● **ENTRIES SUPPLIED**
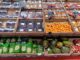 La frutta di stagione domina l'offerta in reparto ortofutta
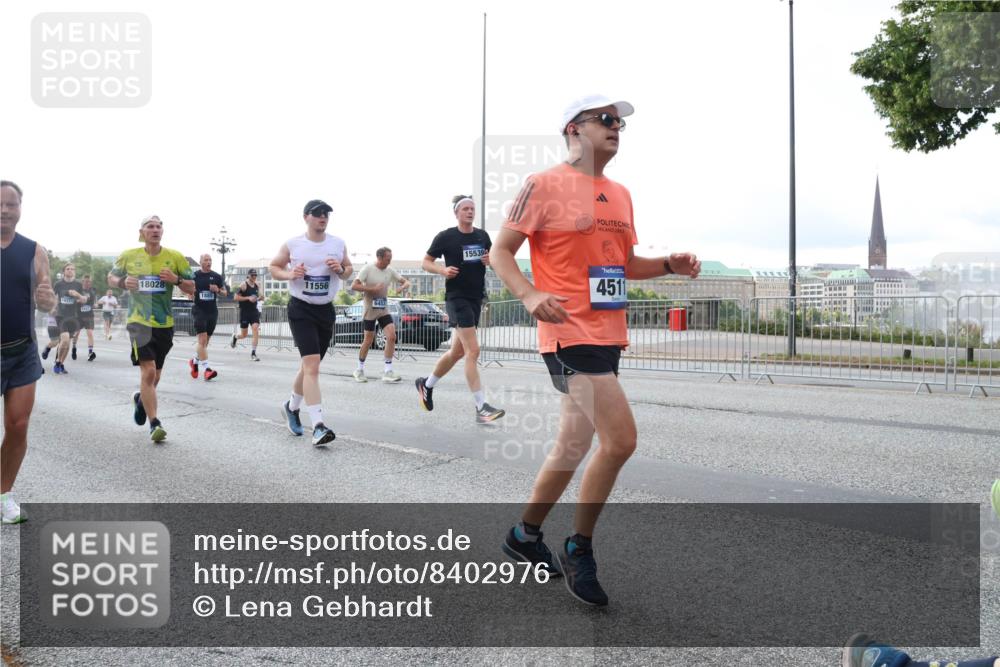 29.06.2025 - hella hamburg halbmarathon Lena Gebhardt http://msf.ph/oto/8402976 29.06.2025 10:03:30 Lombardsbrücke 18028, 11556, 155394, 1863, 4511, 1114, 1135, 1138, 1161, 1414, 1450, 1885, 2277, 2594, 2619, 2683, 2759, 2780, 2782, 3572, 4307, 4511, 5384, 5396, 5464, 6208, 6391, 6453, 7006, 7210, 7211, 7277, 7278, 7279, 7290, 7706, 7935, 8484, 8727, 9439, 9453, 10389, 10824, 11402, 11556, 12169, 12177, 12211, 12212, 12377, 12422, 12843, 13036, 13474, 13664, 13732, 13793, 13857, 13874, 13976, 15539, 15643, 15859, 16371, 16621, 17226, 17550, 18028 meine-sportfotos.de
==
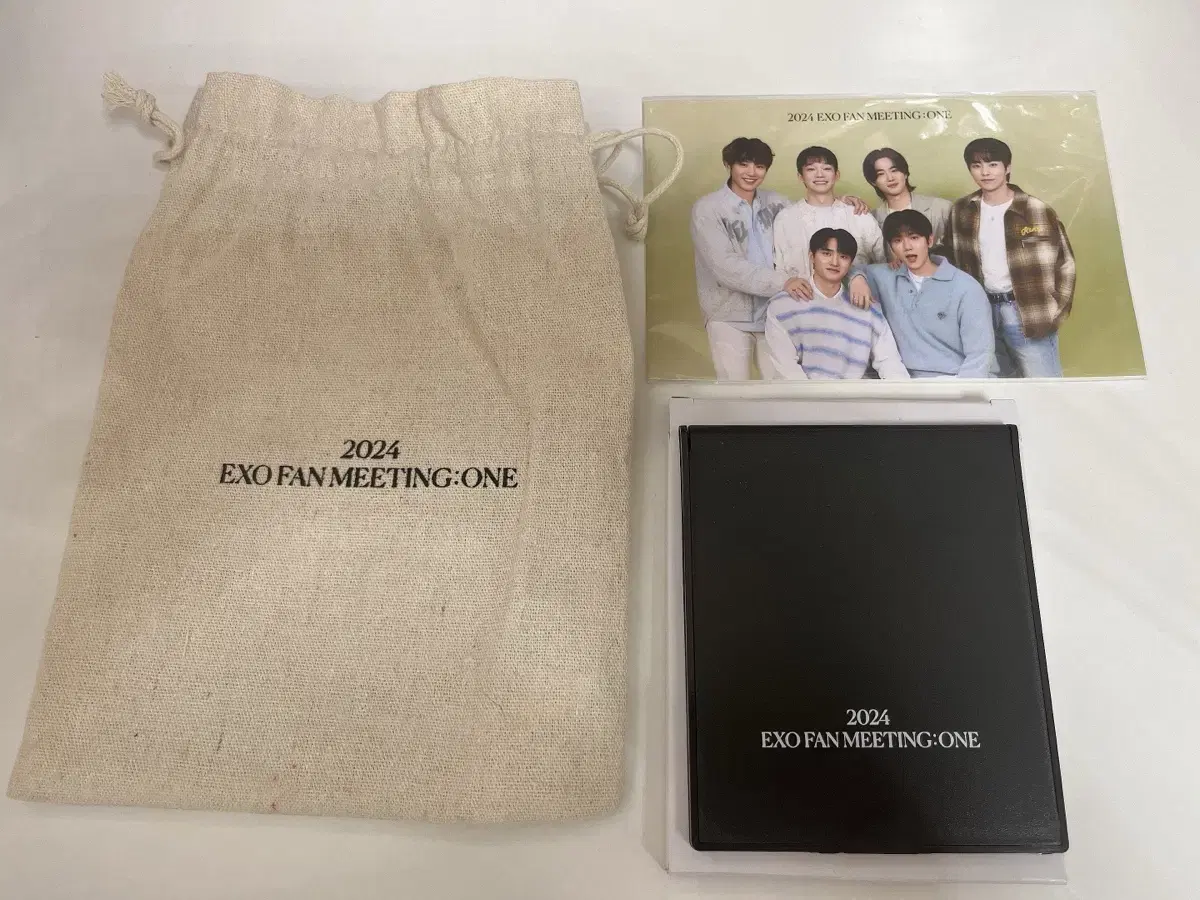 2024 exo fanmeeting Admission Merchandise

● **WHAT YOU ARE ASKED TO DO**
Starting at the line above that holds "La frutta di", repeat every line exactly down to and including the line that holds "29.06.2025 - hella", then stop. Do not carry over any pictures.

● **ANSWER FOR THIS EXERCISE**
 La frutta di stagione domina l'offerta in reparto ortofutta
 29.06.2025 - hella hamburg halbmarathon Lena Gebhardt http://msf.ph/oto/8402976 29.06.2025 10:03:30 Lombardsbrücke 18028, 11556, 155394, 1863, 4511, 1114, 1135, 1138, 1161, 1414, 1450, 1885, 2277, 2594, 2619, 2683, 2759, 2780, 2782, 3572, 4307, 4511, 5384, 5396, 5464, 6208, 6391, 6453, 7006, 7210, 7211, 7277, 7278, 7279, 7290, 7706, 7935, 8484, 8727, 9439, 9453, 10389, 10824, 11402, 11556, 12169, 12177, 12211, 12212, 12377, 12422, 12843, 13036, 13474, 13664, 13732, 13793, 13857, 13874, 13976, 15539, 15643, 15859, 16371, 16621, 17226, 17550, 18028 meine-sportfotos.de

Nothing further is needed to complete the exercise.